Dicen los que saben que de todas esas camionetas de películas de los años 40, 50 y 60, la más vistosa es la Chevrolet de 1946. Tienen, entre otras rarezas, un sistema de limpiaparabrisas neumático que se acciona con el aire que produce el motor. Daniel tiene una en impecable estado y cuenta que para conseguirla tuvo que apelar a la psicología. Le habían dicho que lo peor que le podía decir al dueño era que quería comprársela. “Entonces fui a preguntar si sabía dónde vendían una para restaurar y me quedé elogiándosela. Así le hice varias visitas hasta que un día me preguntó si no quería la suya”, recuerda Daniel entre risas. Un reconocido mecánico de Villa Elisa, don Oscar Casaes, lo mira divertido mientras mete mano en una “chata” V8 que, augura, “cuando la vean terminada no lo van a poder creer”.

“¿Mi pasión por los autos? Cuando era adolescente mi primero fue un Citroën y mi abuelo tenía hecha una traqueotomía y no podía hablar. Entonces se sentaba en la puerta de casa y cuando me veía llegar con un aparato nuevo se paraba y aplaudía. Esa imagen la llevo grabada en el corazón”.

En un sector de la antigua Sodería Palumbo hay varias reliquias en restauración y otras detenidas por causas de fuerza mayor desopilantes, como el caso de una Ford V8 de 1940 cuyo dueño la compró sin avisar en su casa, quizá para no blanquear los gastos que le demandaría restaurarla y como una suerte de travesura.
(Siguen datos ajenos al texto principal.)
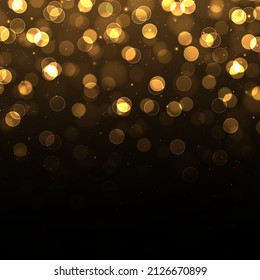 Gold bokeh blurred light. Abstract background with bokeh effect. Magic concept.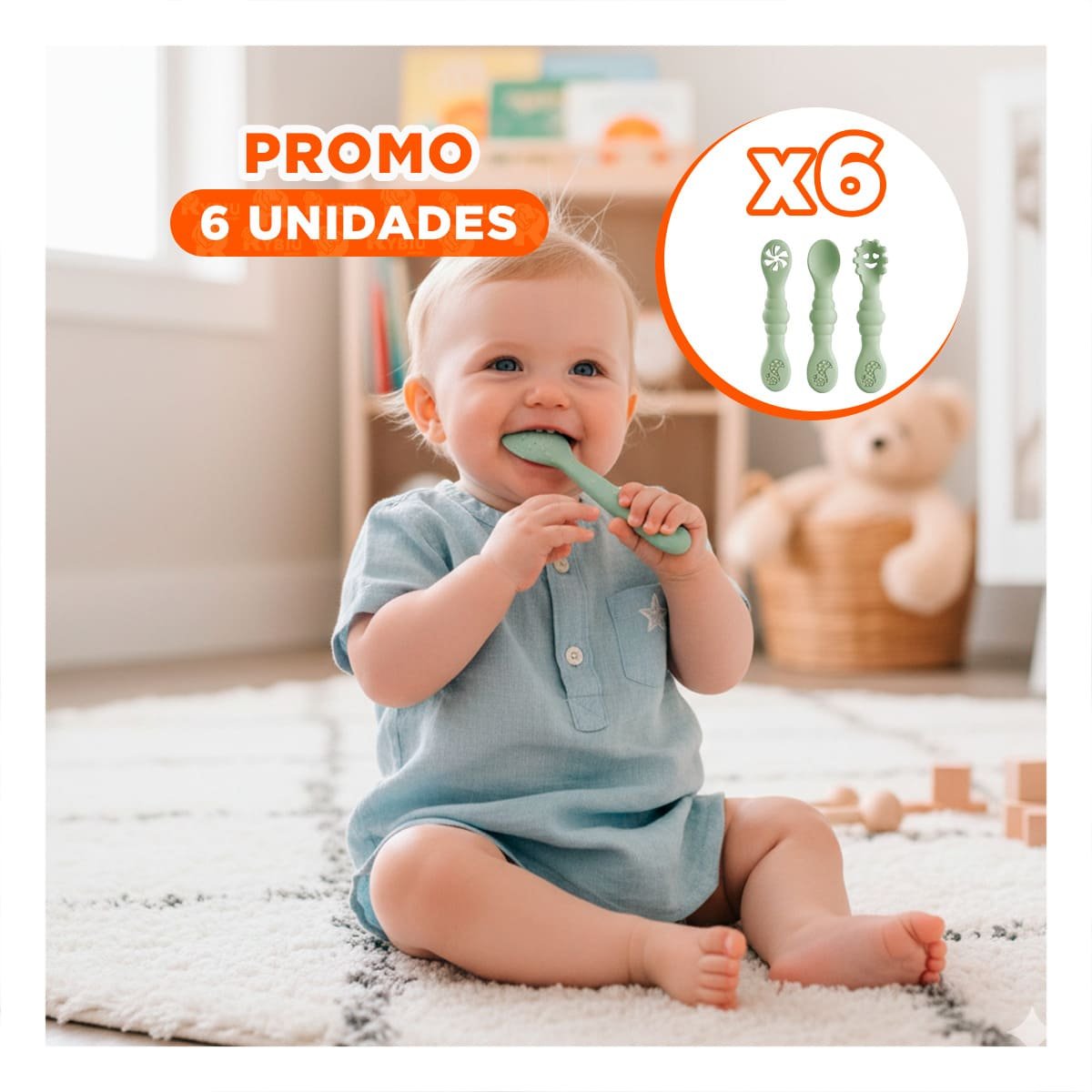 PACK6 PACK 3 PRE CUCHARAS PARA CASA Y COMEDOR BEBE COMODO Y PRACTICO VERDE Y+REGALO STICKER - 1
“Un día la mujer le encontró la tarjeta verde y al pobre se le pudrió todo”, se ríe Daniel.

Un Rambler Ambassador con 57 mil kilómetros reales; un Citroën 3 CV con 60 mil y la Chevy de una profesora de inglés de Villa Elisa que hasta tiene las cubiertas con las que salió de fábrica. Joyas, simplemente eso.

Latorre nació en Villa Soldatti pero hace muchos años una novia de City Bell le mostró Villa Elisa y se enamoró del lugar.

Un Isard 300 que marcó época y participó en carreras

Tiene una fábrica de etiquetas adhesivas y se define como “industrial”, porque dice que “empresario es muy fácil serlo pero industrial no”. Es padre de Julieta (31), Sofía (26), Victoria (20), Mateo (8) y Renata (3).

Richi Muller, su socio, está a cargo del área gastronómica del Almacén.

El loco de los locos autos locos tiene capacidad para estar horas y horas contando las historias de cada uno de esos fierros que laten. Sean autos que fueron de carrera como la coupecita BMW que descansa en un altillo o la enorme pista de Scalextric y los juegos ochentosos que ofrece para que “los pibes que vienen con los padres dejen un rato el teléfono celular” hasta un surtidor de YPF que se trajo del Cuartel de Bomberos de Berisso.

Todo parece tener una vida que ha valido la pena ser vivida.

“La vida no es una cuestión de años sino de las cosas que a uno le pasan”, dice Daniel, y se lleva las manos al pecho en un gesto que huele a tanque lleno pero que, al mismo tiempo, pide más.